Moças casadoiras

Durante o século XIX, as moças viviam reclusas sob o poder dos pais até o momento de passar, ainda adolescentes, às mãos do marido. Aos olhos dos estrangeiros, elas se interessavam prematuramente pelo sexo oposto: “Antes de cumprir dez anos, uma menina conhece perfeitamente bem o valor dos homens como maridos e o que é o flerte; gracejará com suas irmãs a respeito deste ou daquele rapaz e se dará conta muito bem de que seu próprio objetivo na vida é assegurar-se um homem”, diria a inglesa May Frances em 1890.

Não havia liberdade para escolher de acordo com o coração, e os arranjos promovidos pela família prevaleciam: “Minha filha, este é o teu futuro esposo”, sublinhava o missionário norte-americano Daniel Kidder, que, em 1837, via os pais entregarem as filhas aos amigos. A virgindade era severamente controlada, e moças não saíam sozinhas com rapazes. As oportunidades de comunicação também eram raras.

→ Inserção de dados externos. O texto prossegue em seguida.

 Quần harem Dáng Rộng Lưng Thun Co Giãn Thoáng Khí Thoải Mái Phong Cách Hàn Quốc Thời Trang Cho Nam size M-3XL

Por muito tempo, o casamento foi um “negócio”, não só porque envolvia duas pessoas, mas porque se tratava de um mecanismo presidido pelos pais. Certa angústia os perseguia quando a filha atingia a idade de casar, ocasião em que era bom ter uma rede de relações para, então, descobrir um candidato aceitável. Em missas e festas, as mães inspecionavam os candidatos com o olhar, analisando as cifras das fortunas familiares. Um vocabulário próprio às estratégias matrimoniais era colocado em ação: aliança, fortuna, salvar as aparências, nome. Havia grande preocupação com o que se dissesse sobre a futura união, por isso toda a parentela se mobilizava para achar o animal raro: tios, tias, sobrinhos, padres, amigos, além das casamenteiras, que faziam convergir para os pais informações o mais precisas possível. Porém, perigo: algumas jovens tinham “caprichos”. Nesse caso, o problema passava a ser outro: evitar que ela “caísse”, que cometesse uma “falta”. Perder a virgindade antes do casamento era grave, mas engravidar, pior ainda: era gravíssimo. Tudo girava em torno do dote e da “fama” da moça.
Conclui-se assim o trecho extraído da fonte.